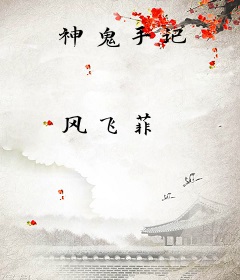 神鬼手记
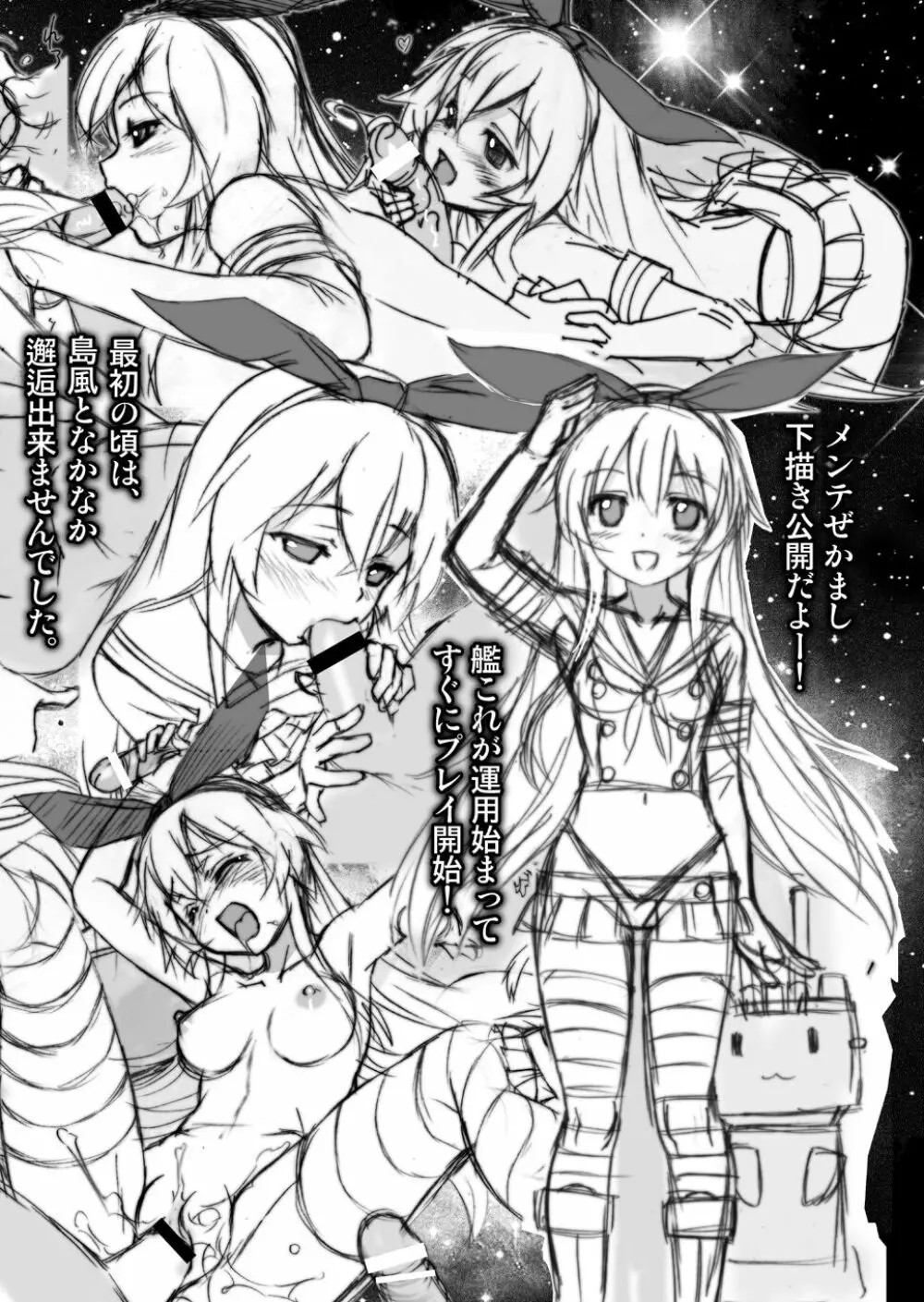 メンテぜかまし - page20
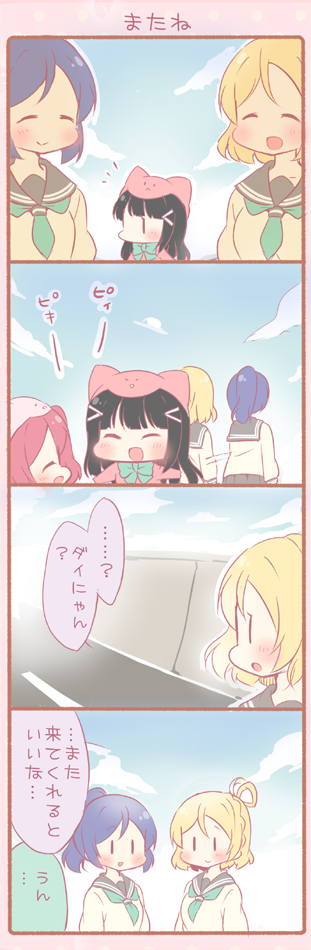 matsuura kanan, kurosawa dia, kurosawa ruby, and ohara mari (love live! and 1 more) drawn by saku_usako_(rabbit)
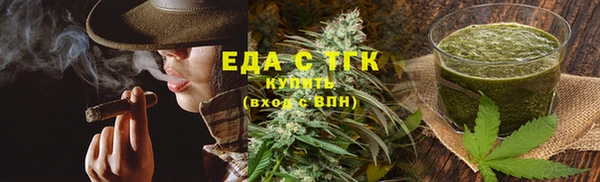 мескалин Заводоуковск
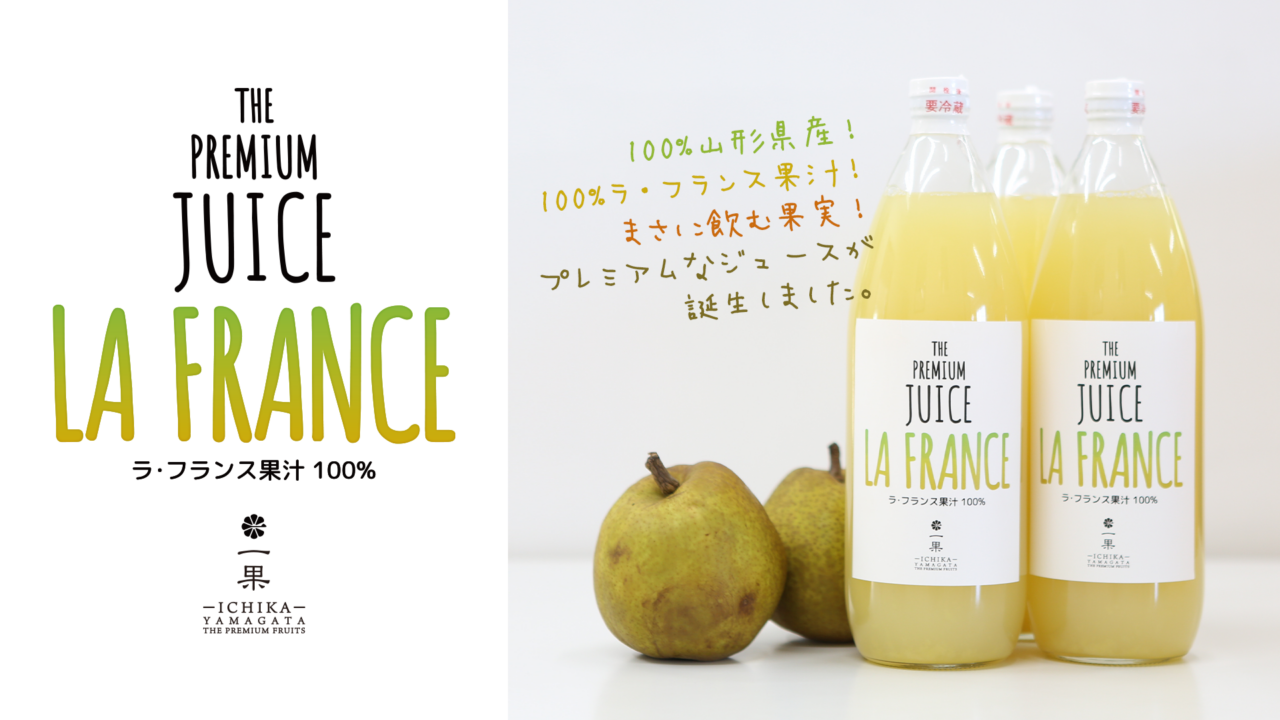 一果のラ・フランスジュース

________________

> _What this task involves_
All entries should be given again exactly, except that pictures are to be excluded.

> _Task response_
 神鬼手记
 メンテぜかまし - page20
 matsuura kanan, kurosawa dia, kurosawa ruby, and ohara mari (love live! and 1 more) drawn by saku_usako_(rabbit)
 мескалин Заводоуковск
 一果のラ・フランスジュース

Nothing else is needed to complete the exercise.